A key feature of the lisp family of languages is that the language syntax itself is written in a standardized data format. Clojure, for example, uses the edn format for nearly everything.
It might prove effective to use this same principle in an actor model platform:
- All pure functions are defined with edn syntax
- All basic programming data structures and errors are edn
- All actor configuration is defined in edn
- Actor networking, topology, and namespaces are defined in edn
- Actor messages, with name plus attached data, is all edn
- Serialized state, such as an actor mailbox, is all edn
This type of data-oriented and data uniform approach might be particularly suitable for a platform that emphasizes network distribution, message passing, and state transformation.

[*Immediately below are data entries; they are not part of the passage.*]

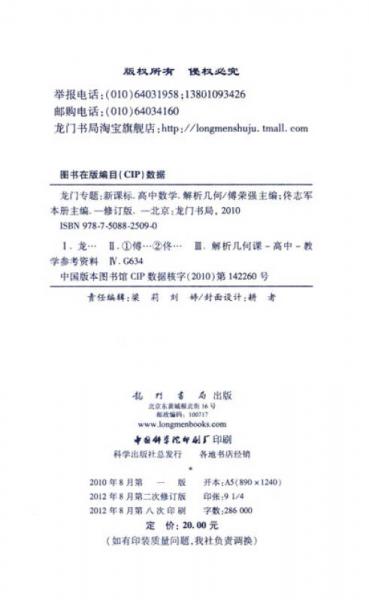 龙门专题·高中数学：解析几何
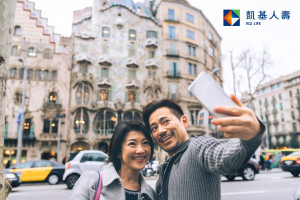 鎖定春節出國旅遊潮，凱基人壽呼籲民眾透過網路投保建構海外醫療防護網。3月31日前完成投保並符合資格，可參加「福神小紅包」網路投保抽獎活動。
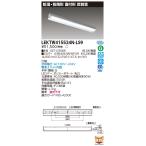 ポイント2倍 東芝 LEKTW415524N-LS9 (LEKTW415524NLS9) TENQOO直付40形反射笠防水 反射笠器具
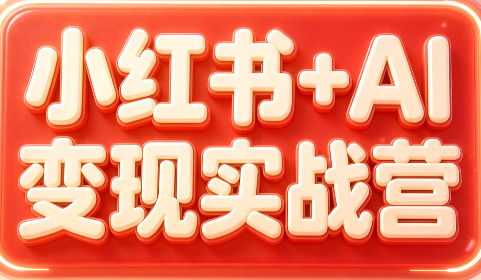 群响·小红书+AI变现实战营-孔明聊项目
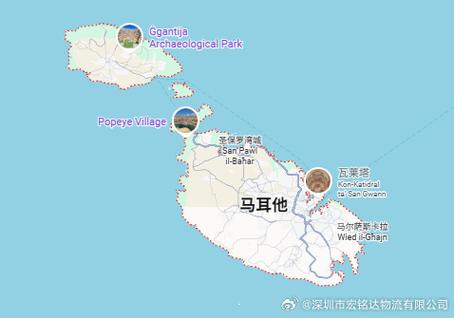 马耳他港口有哪些？中国到马耳他国际物流介绍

It’d be particularly useful to have a CLI for an actor platform that almost imitates something like the bash shell, allowing you to change contexts and explore the namespaces and state of a running actor network. If you have clusters of actors in hierarchical namespaces, then you could
cd into each cluster’s namespace. When you
ls, you get a list of currently running actors, with a brief overview of the state of each.
There may also be a function to display the message history for the current namespace, along with commands for sending messages to specific actors.
This idea is readily combined with the data-oriented approach, where everything presented in the CLI would be in a certain data format, such as edn.
Inspired by microservice clusters like Kubernetes, supervisors in a tree of actors can serve as load balancers. They can be aware of the system resources, such as CPUs and memory, and use that data to replicate nodes in the network.
Supervisors can track the load of an actor by looking at the size of their queue at different time points. If the size of an actor’s queue tends to grow instead of shrink, then the supervisor knows that the actor is overworked, and can replicate the actor.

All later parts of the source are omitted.